## DIRECTIONS FOR THIS TASK
Retype, exactly and with both ends included, the lines below from the one containing "Crystal Rhinestone Heart" through the end; omit the pictures.

## DATA BLOCK
==================================================
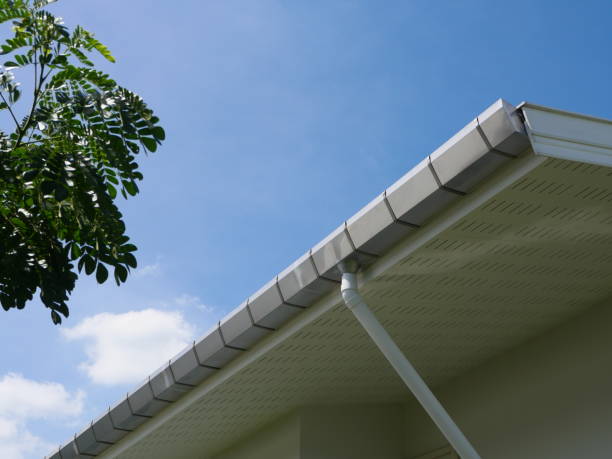 istock Rain gutter with Stainless steel on roof 1256322654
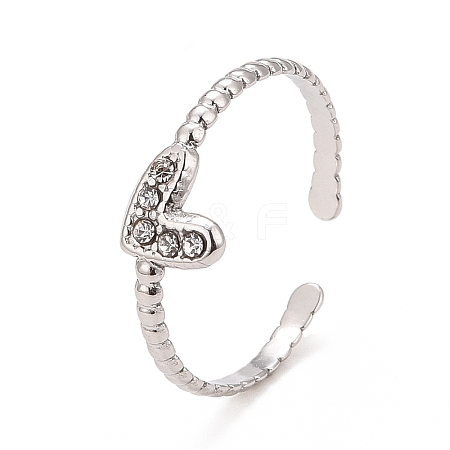 Crystal Rhinestone Heart Open Cuff Ring LS-RJEW-C025-39P-1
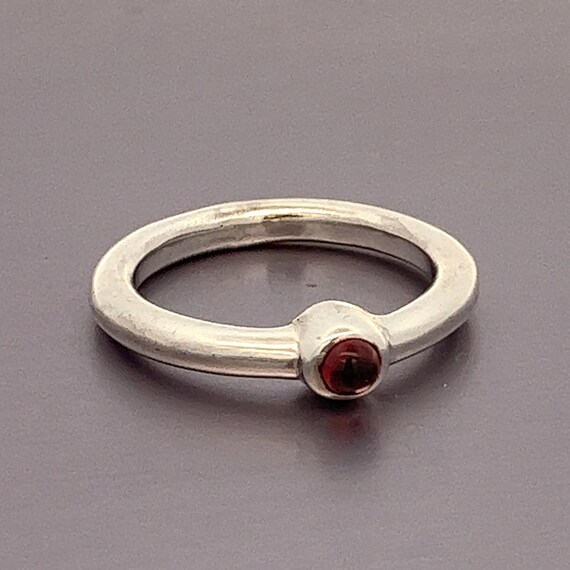 Garnet Sterling Silver Ring: Tiny Round January B… - image 4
==================================================
## EXERCISE ANSWER
 Crystal Rhinestone Heart Open Cuff Ring LS-RJEW-C025-39P-1
 Garnet Sterling Silver Ring: Tiny Round January B… - image 4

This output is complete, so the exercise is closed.